Upon graduation from high school, Bob enlisted in the Army in December 1944. In September 1945, he was commissioned as a 1st Lieutenant to Austria, 4th Calvary Squadron, and helped a battered Europe to recover. In 1947 Bob joined his brother Dick at Lebanon Valley College in Pennsylvania where he earned a BA in Political Science in 1951. While working, he also earned a Master's in Public Administration at George Washington University graduating in 1956. Bob worked at the Department of Defense from 1949-1961, then transferred to the Department of Labor where he worked until retiring in1982. Bob bragged that he happily lived on government retirement income for more years than he worked. He deserved it. For most of the years he worked for the federal government, Bob worked under the real threat that he could be fired for being gay. Bob also did not want to upset his mother and waited until she died at the age of 96 in 1984 to "come out." Not being able to be honest about being gay for so many years of his life was the tragedy of an otherwise adventurous, intrepid, and amazing life.

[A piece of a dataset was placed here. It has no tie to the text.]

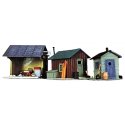 Trackside Shanties -- Kit - 3 Different Shacks, HO, Life-Like Products 1348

Bob was a bon vivant. He loved good food and always had cocktails (with lots of ice) before dinner, wine often with dinner, and more drinks afterwards. He could hold his liquor and was always a delightful companion. A celebration of Bob's life, and his burial at Woodlawn Cemetery, Bronx, NY will be scheduled in the future.A celebration of Bob's life, and his burial at Woodlawn Cemetery, Bronx, NY will be scheduled in the future.